SNC-Lavalin Group Inc. (TSX:SNC) is working its way through one of the most difficult periods of the company’s history, but a closer look at the details reveals an interesting opportunity.
Most of SNC-Lavalin’s troubles are connected to dodgy deals done by a handful of the company’s former employees.
The engineering firm is already riding out a 10-year ban imposed by the World Bank for misbehaving on a bridge deal in Bangladesh, and recent charges by the RCMP relating to deals in Libya threaten a similar penalty here in Canada.
Add to this a global slowdown in the energy and mining sectors and you are looking at some pretty dark clouds hanging over the company.

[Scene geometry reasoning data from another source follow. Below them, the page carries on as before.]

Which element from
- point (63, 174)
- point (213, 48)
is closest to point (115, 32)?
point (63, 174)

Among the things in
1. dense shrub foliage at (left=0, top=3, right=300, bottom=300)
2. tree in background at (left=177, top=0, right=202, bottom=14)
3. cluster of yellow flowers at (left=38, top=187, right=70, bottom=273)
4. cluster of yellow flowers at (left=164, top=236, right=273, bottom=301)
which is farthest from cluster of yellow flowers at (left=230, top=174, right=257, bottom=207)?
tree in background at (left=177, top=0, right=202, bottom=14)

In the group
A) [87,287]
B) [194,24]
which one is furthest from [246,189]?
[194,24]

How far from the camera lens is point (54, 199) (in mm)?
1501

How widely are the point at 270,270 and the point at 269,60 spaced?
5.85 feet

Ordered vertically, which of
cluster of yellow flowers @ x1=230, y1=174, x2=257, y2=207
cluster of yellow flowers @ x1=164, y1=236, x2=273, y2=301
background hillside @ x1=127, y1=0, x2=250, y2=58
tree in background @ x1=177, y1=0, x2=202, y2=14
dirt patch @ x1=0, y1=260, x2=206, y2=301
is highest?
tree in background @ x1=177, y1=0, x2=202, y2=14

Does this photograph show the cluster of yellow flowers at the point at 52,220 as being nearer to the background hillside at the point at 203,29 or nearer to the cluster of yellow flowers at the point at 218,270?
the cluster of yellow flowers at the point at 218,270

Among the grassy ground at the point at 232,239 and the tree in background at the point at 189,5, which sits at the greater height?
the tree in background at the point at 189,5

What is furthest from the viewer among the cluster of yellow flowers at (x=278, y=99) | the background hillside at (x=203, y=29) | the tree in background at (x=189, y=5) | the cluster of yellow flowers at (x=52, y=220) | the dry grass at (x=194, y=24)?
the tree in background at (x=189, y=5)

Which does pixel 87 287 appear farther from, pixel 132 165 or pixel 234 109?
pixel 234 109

Most investors are simply giving the stock a wide berth until the skies clear, but contrarian types are looking at a flurry of recent deals and wondering if the company has already begun to turn the corner.

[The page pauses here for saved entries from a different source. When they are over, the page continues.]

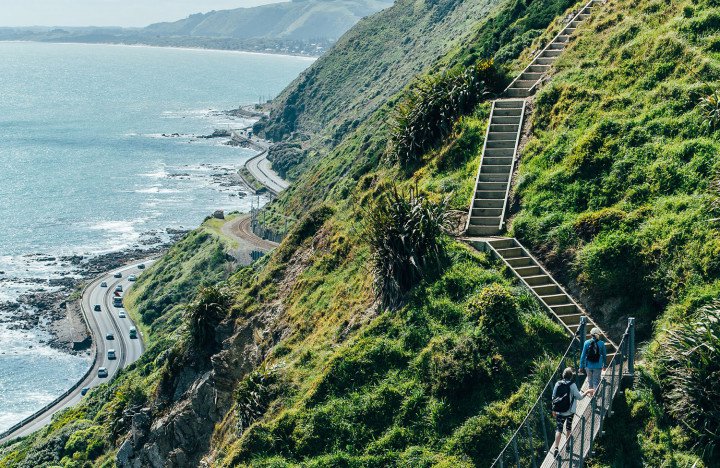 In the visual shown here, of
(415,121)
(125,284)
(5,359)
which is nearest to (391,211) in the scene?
(415,121)

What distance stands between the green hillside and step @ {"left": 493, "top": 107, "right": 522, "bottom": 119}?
2.67ft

The RCMP charges haven’t impacted SNC-Lavalin’s ability to secure major Canadian contracts. In fact, the company has put together an impressive string of wins since the charges were announced.
SNC-Lavalin and its partner were recently chosen to build and maintain Montreal’s new Champlain Bridge. That is a multi-billion dollar deal that could span decades.
The company is also part of a group that has been handed the responsibility of managing and operating a key unit of Atomic Energy of Canada Limited.
The provincial governments are also giving SNC-Lavalin big deals. The company has been chosen to build a massive transit extension in Toronto as well as a wind-terminal switchyard project in British Columbia.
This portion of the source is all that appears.